→ **Problem statement**:
Transcribe word for word each line from the one containing "Used 2022 Ford Bronco Black Diamond image 22" to the final line of the data, both included. Skip the pictures.
§
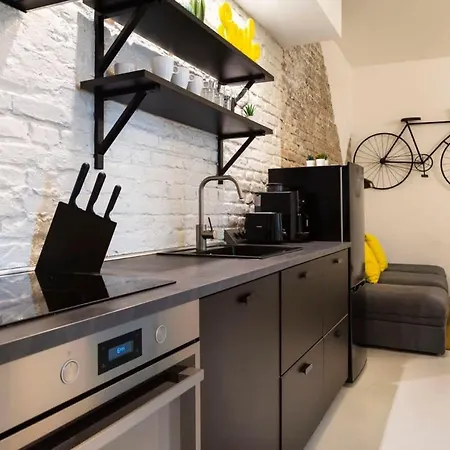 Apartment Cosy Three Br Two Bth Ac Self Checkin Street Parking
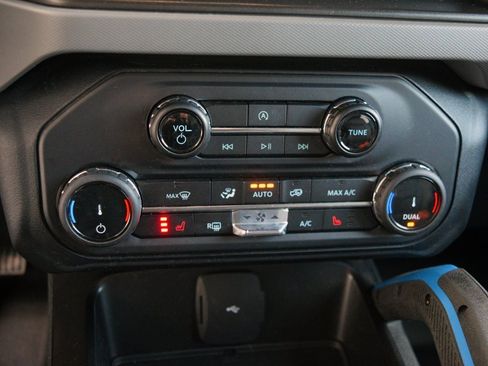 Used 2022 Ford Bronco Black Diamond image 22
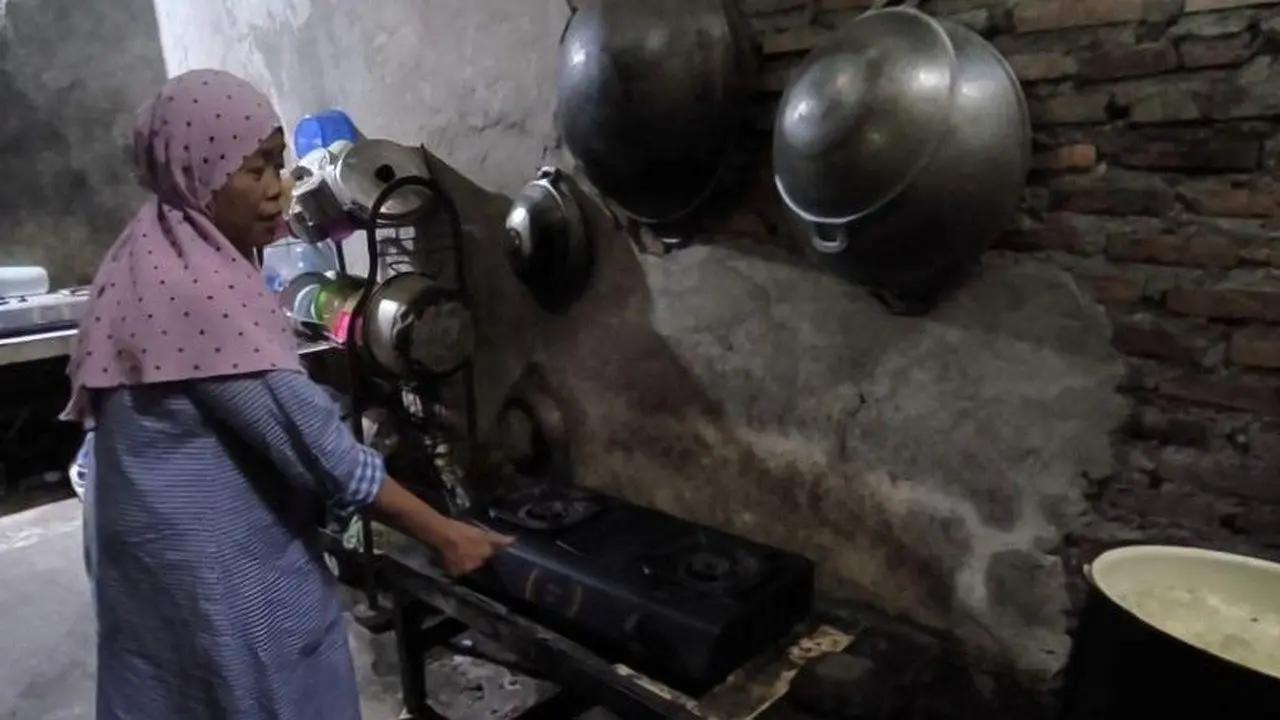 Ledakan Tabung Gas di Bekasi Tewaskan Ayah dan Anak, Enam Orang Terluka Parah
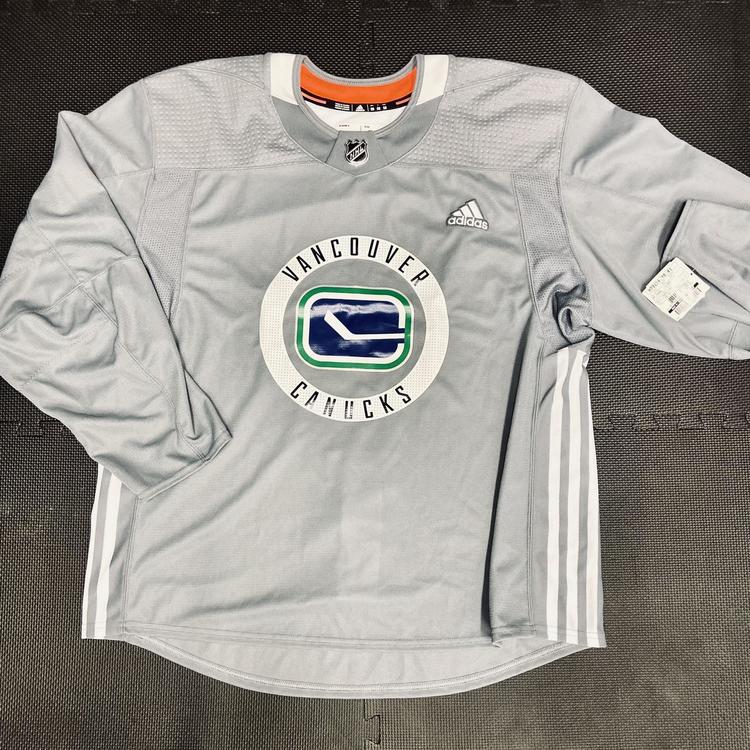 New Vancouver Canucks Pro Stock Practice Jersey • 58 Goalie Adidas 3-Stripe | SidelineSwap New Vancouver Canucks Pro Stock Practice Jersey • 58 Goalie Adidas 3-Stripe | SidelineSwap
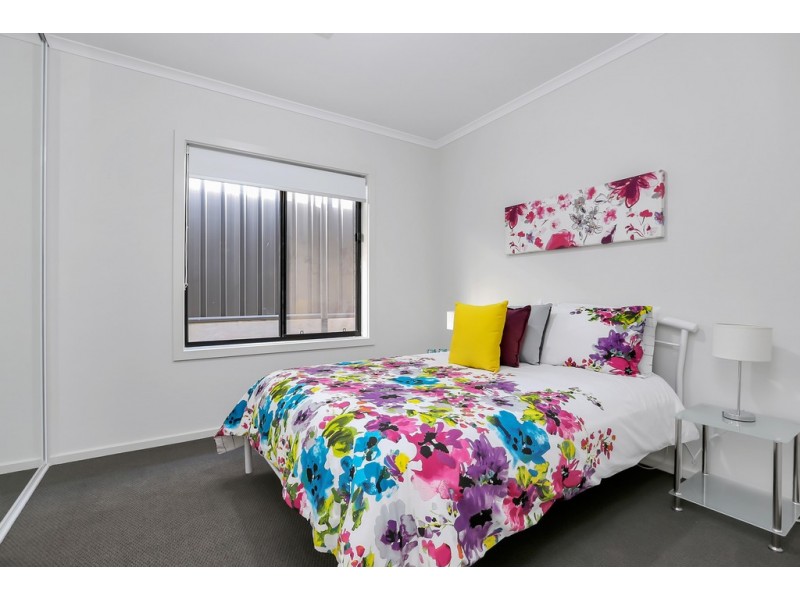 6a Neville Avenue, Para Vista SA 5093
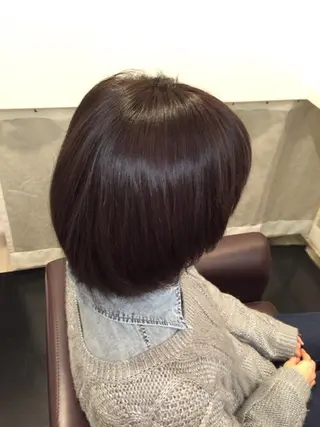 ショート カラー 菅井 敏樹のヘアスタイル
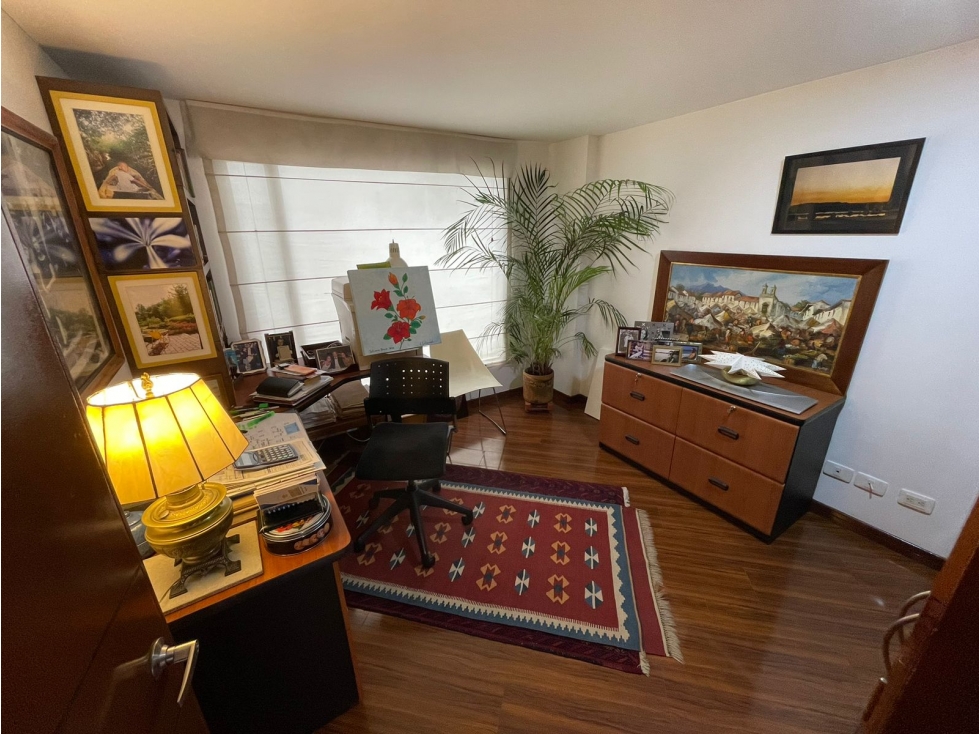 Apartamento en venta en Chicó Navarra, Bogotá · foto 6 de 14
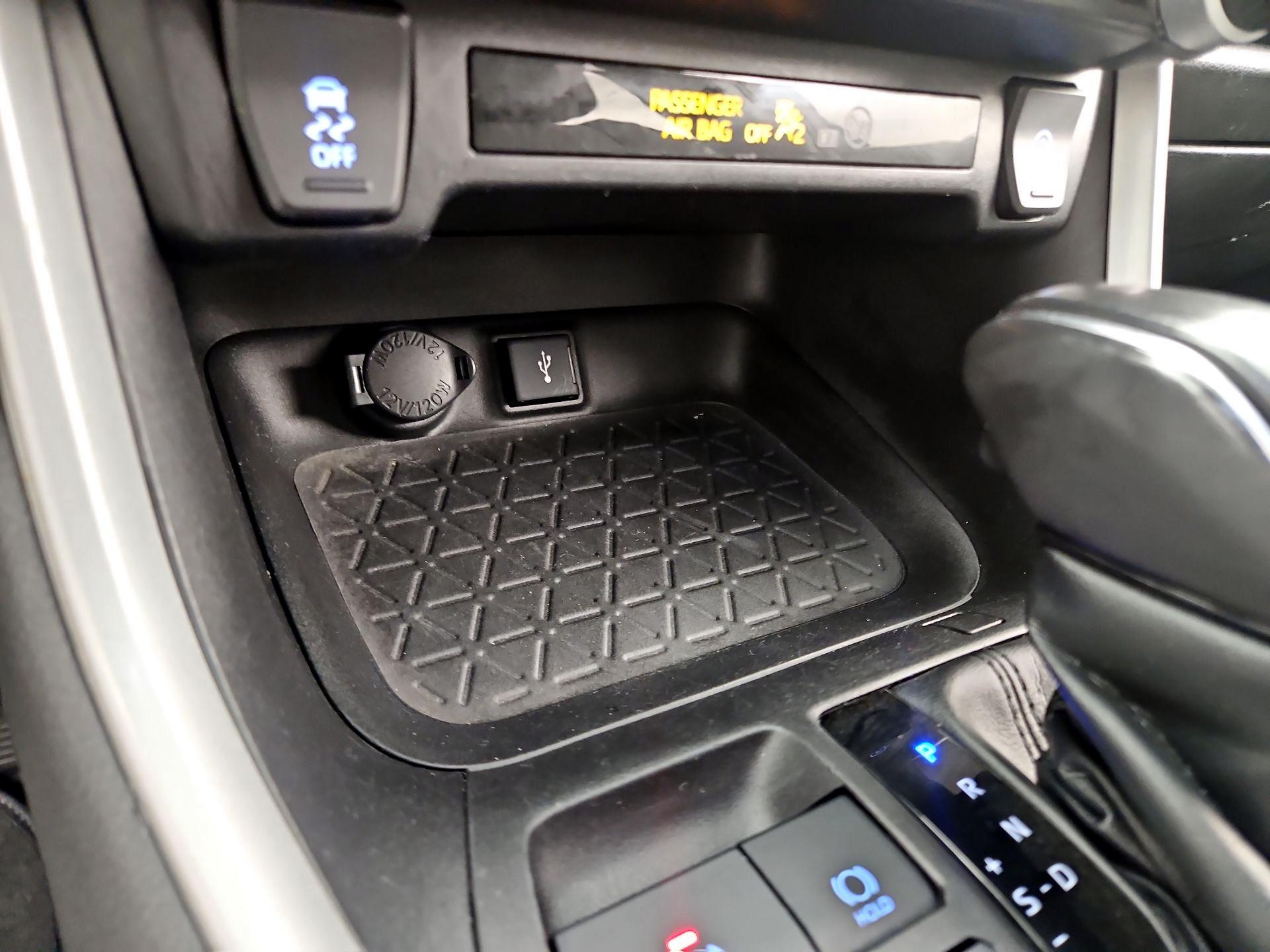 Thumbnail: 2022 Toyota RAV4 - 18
§
→ **Your solution**:
 Used 2022 Ford Bronco Black Diamond image 22
 Ledakan Tabung Gas di Bekasi Tewaskan Ayah dan Anak, Enam Orang Terluka Parah
 New Vancouver Canucks Pro Stock Practice Jersey • 58 Goalie Adidas 3-Stripe | SidelineSwap New Vancouver Canucks Pro Stock Practice Jersey • 58 Goalie Adidas 3-Stripe | SidelineSwap
 6a Neville Avenue, Para Vista SA 5093
 ショート カラー 菅井 敏樹のヘアスタイル
 Apartamento en venta en Chicó Navarra, Bogotá · foto 6 de 14
 Thumbnail: 2022 Toyota RAV4 - 18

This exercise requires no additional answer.